Apesar de o TJDFT ter anunciado que cumprirá a determinação do Conselho Nacional de Justiça (CNJ), elaborando nova lista de promoção por merecimento em conformidade com a Resolução CNJ nº 525/2023, é necessário manifestar indignação quanto à forma como a orientação da conselheira Renata Gil foi interpretada e publicamente desqualificada pelo Tribunal. Tal atitude revela uma tentativa de esvaziar a autoridade de uma mulher em posição institucional de destaque — o que configura um grave sinal de resistência à equidade de gênero no Judiciário.
A nota do TJDFT incorre em grave distorção dos fatos ao afirmar que a Corte teria cumprido integralmente a Resolução CNJ nº 525/2023 e respeitado as decisões do CNJ, ao mesmo tempo em que ignora a orientação expressa da conselheira Renata Gil. A Resolução, em seu artigo 1º-A, é clara ao determinar que, no acesso aos tribunais de 2º grau que ainda não alcançaram a proporção de 40% a 60% por gênero, no tocante aos cargos destinados à magistratura de carreira, as vagas por merecimento devem ser preenchidas por meio de editais abertos de forma alternada para inscrições mistas (homens e mulheres) ou exclusiva para mulheres, observadas as políticas de cotas instituídas pelo CNJ, até que se atinja a paridade de gênero no respectivo tribunal.
Ao desconsiderar a orientação de uma conselheira mulher, investida da função institucional de garantir a efetividade das normas de equidade no Judiciário, o TJDFT ultrapassa os limites do debate jurídico e incorre em uma prática discriminatória. Reafirmamos publicamente nosso apoio à atuação firme, técnica e corajosa da conselheira Renata Gil, cuja trajetória tem sido marcada pela defesa incansável da paridade de gênero como princípio estruturante da magistratura brasileira. Deslegitimar sua atuação é também deslegitimar os avanços institucionais em direção a uma Justiça mais representativa e democrática.

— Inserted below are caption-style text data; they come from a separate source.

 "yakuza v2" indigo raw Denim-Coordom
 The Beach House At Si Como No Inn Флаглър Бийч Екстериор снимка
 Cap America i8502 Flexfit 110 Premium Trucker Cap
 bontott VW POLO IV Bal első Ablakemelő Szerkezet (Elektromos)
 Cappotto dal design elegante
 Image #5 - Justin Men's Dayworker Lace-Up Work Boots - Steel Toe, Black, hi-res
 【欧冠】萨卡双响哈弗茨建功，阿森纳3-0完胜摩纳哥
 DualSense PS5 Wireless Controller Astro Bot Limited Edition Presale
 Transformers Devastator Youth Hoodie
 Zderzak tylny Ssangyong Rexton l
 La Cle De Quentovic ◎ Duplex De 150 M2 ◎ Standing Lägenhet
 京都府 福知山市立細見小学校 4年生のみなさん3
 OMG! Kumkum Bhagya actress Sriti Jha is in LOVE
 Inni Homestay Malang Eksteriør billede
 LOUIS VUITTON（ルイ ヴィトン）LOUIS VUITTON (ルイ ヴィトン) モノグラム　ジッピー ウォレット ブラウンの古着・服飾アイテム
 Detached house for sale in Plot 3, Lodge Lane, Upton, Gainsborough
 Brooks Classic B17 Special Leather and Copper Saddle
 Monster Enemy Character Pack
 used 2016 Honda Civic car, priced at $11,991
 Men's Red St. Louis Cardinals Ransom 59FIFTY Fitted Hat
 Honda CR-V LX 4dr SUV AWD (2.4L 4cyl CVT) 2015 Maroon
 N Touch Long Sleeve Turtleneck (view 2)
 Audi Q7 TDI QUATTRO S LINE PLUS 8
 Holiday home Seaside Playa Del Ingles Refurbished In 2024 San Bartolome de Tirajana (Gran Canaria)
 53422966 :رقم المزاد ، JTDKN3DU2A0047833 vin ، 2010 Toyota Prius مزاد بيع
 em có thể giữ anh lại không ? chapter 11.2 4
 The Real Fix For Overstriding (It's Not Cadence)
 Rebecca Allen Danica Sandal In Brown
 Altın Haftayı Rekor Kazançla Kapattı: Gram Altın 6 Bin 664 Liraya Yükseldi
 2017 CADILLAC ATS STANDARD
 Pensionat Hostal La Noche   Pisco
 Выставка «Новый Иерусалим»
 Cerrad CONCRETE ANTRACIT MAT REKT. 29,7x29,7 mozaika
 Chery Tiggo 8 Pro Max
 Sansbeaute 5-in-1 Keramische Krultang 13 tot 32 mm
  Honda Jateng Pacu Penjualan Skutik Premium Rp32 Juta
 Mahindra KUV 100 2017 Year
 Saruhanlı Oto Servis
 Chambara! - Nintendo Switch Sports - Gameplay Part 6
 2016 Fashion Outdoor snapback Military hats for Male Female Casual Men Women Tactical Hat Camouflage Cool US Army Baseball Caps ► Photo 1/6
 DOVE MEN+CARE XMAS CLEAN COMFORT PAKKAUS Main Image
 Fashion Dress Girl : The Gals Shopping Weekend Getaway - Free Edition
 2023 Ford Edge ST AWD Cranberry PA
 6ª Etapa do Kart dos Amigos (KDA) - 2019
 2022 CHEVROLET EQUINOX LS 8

A tentativa do TJDFT de esvaziar o alcance da Resolução e relativizar a autoridade da conselheira atenta contra o próprio Estado de Direito, além de violar os compromissos assumidos pelo Brasil na promoção da igualdade de gênero. Reiteramos que a promoção da equidade de gênero na magistratura não é uma escolha, mas sim uma obrigação constitucional e convencional do Estado brasileiro, que assumiu compromisso internacional com a eliminação de todas as formas de discriminação contra as mulheres.
A autonomia dos tribunais, por sua vez, não pode ser utilizada como escudo para a perpetuação de desigualdades históricas nem como justificativa para o descumprimento de normas de observância obrigatória.
Brasília, 26 de junho de 2025.
Assinam:
Elas Pedem Vista; Associação Brasileira das Mulheres de Carreira Jurídica – ABMCJ/DF; Coletivo Maria Firmina de servidores/as públicos/as negros e negras; Associação Brasileira Elas no Processo – ABEP; Elas Movimentam; Associação Tax & Women; Associação das Mulheres Defensoras Públicas do Brasil – AMDEFA; Amigas da Corte; Quero Você Eleita; Paridade no Judiciário; Grupo Mulheres do Brasil; Elas no Orçamento; Blacksisters in Law; Associação Brasileira de Mulheres de Carreiras Jurídicas – ABMCJ.”